On Tuesday, Service Employees International Union, the health care workers union representing 85,000 workers, threatened to strike later this month, as members rallied outside Kaiser Permanente medical centers across California. A majority of the union’s employees are based in California.
This would be the latest in a recent string of strikes that have taken the Golden State by storm and includes Los Angeles municipal employees, dockworkers, Hollywood writers and actors, even housekeepers, The New York Times reported.
In California alone, roughly 37,000 workers have walked out since May 1, John Kallas, a PhD student at Cornell University who heads the Cornell-ILR Labor Action Tracker, told the Times.
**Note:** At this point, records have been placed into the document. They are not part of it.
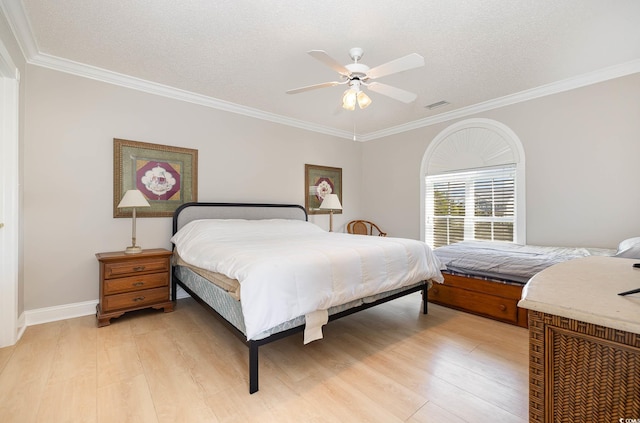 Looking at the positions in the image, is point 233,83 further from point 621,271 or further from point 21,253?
point 621,271

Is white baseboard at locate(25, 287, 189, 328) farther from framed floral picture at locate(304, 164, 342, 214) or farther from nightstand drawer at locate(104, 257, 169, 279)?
framed floral picture at locate(304, 164, 342, 214)

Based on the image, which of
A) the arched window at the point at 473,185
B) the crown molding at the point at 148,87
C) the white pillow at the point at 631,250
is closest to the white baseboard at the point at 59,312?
the crown molding at the point at 148,87

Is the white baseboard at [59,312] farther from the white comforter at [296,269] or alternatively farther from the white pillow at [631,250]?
the white pillow at [631,250]

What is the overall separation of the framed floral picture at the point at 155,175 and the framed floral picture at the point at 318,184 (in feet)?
6.24

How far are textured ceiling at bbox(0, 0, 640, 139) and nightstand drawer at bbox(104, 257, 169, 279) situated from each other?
2067mm

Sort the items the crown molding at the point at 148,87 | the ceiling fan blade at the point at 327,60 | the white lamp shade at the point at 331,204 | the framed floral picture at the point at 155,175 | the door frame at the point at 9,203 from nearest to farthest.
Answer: the ceiling fan blade at the point at 327,60, the door frame at the point at 9,203, the crown molding at the point at 148,87, the framed floral picture at the point at 155,175, the white lamp shade at the point at 331,204

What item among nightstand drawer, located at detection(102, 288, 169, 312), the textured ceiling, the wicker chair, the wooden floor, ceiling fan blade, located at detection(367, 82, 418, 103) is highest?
the textured ceiling

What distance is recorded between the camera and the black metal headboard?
3634 mm

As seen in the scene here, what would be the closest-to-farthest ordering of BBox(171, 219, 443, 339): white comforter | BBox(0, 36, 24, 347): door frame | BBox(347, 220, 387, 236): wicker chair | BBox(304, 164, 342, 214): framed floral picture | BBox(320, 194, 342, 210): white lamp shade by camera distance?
BBox(171, 219, 443, 339): white comforter < BBox(0, 36, 24, 347): door frame < BBox(320, 194, 342, 210): white lamp shade < BBox(304, 164, 342, 214): framed floral picture < BBox(347, 220, 387, 236): wicker chair

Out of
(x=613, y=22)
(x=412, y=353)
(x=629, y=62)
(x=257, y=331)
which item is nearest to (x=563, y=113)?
(x=629, y=62)

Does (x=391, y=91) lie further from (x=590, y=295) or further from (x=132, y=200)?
(x=132, y=200)

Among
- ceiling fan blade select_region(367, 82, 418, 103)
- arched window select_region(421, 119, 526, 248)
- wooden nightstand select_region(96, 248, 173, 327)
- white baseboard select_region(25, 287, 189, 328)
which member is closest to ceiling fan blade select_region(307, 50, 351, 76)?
ceiling fan blade select_region(367, 82, 418, 103)

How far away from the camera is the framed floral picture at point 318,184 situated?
5.05 meters

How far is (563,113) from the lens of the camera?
11.5 ft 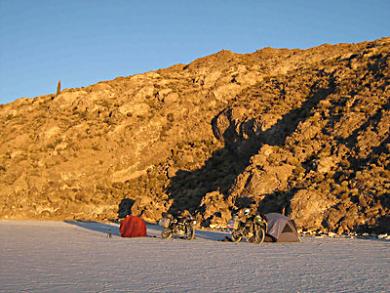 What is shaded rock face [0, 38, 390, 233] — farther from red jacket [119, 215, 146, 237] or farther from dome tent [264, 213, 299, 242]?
red jacket [119, 215, 146, 237]

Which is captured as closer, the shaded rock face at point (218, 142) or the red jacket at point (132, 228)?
the red jacket at point (132, 228)

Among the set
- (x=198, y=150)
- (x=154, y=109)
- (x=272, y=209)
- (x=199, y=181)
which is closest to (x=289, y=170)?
(x=272, y=209)

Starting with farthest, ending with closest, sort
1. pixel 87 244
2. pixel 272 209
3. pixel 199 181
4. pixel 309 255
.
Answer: pixel 199 181 < pixel 272 209 < pixel 87 244 < pixel 309 255

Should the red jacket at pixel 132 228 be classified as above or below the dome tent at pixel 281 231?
below

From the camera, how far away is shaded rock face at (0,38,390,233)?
2512cm

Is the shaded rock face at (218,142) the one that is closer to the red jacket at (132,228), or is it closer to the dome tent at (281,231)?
the dome tent at (281,231)

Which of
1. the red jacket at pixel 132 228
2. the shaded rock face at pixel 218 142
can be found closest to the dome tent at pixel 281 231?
the shaded rock face at pixel 218 142

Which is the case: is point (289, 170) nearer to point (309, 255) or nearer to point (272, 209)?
point (272, 209)

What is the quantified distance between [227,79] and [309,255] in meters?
33.6

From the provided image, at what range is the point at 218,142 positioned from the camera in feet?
128

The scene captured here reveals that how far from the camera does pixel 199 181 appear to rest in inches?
1330

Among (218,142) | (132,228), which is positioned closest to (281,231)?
(132,228)

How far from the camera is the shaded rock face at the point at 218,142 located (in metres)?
25.1

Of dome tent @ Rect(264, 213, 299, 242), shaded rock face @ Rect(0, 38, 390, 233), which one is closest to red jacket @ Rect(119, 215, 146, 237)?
shaded rock face @ Rect(0, 38, 390, 233)
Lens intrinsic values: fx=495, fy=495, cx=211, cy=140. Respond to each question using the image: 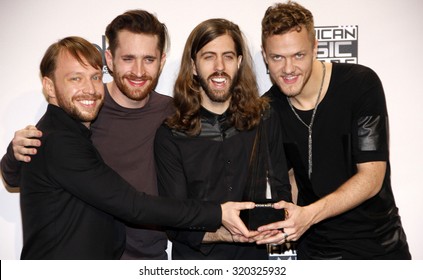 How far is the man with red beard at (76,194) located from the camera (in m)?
2.35

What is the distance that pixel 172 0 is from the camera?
11.3ft

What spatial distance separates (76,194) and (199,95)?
98 cm

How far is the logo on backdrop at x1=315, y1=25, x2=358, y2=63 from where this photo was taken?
3.40 meters

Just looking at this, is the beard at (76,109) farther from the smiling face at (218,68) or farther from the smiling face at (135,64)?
the smiling face at (218,68)

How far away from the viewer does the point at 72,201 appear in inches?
94.9

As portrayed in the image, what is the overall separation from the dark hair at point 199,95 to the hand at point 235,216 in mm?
476

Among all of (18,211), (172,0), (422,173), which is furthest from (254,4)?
(18,211)

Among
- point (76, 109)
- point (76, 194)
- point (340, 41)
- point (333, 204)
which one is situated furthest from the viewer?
point (340, 41)

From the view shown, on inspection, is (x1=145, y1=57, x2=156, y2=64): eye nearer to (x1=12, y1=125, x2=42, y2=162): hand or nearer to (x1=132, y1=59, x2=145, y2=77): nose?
(x1=132, y1=59, x2=145, y2=77): nose

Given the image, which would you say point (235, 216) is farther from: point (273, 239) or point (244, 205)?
point (273, 239)

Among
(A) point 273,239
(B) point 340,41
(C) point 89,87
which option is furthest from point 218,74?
(B) point 340,41

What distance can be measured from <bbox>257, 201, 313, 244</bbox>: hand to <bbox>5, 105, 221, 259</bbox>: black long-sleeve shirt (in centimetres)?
41

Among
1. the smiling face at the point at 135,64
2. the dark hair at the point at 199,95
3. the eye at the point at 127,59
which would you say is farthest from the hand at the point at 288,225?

But as labor unrest in the state continues to grow, so do labor victories. The International Longshore and Warehouse Union, representing more than 22,000 dockworkers, and the Pacific Maritime Association, which covers 29 ports and employers from California to Washington State, ratified a new agreement Friday, after more than a year of tense negotiations.
While the terms were not made public, it was reported in June that the deal could raise employee pay by 32% through 2028 and give dockworkers a slice of a one-time $70 million payment.
A recent meeting between striking Hollywood writers and major studio executives, however, was a bust. After the meeting, the Writers Guild said that the studios' plan from the start was "not to bargain, but to jam us. It is their only strategy – to bet that we will turn on each other."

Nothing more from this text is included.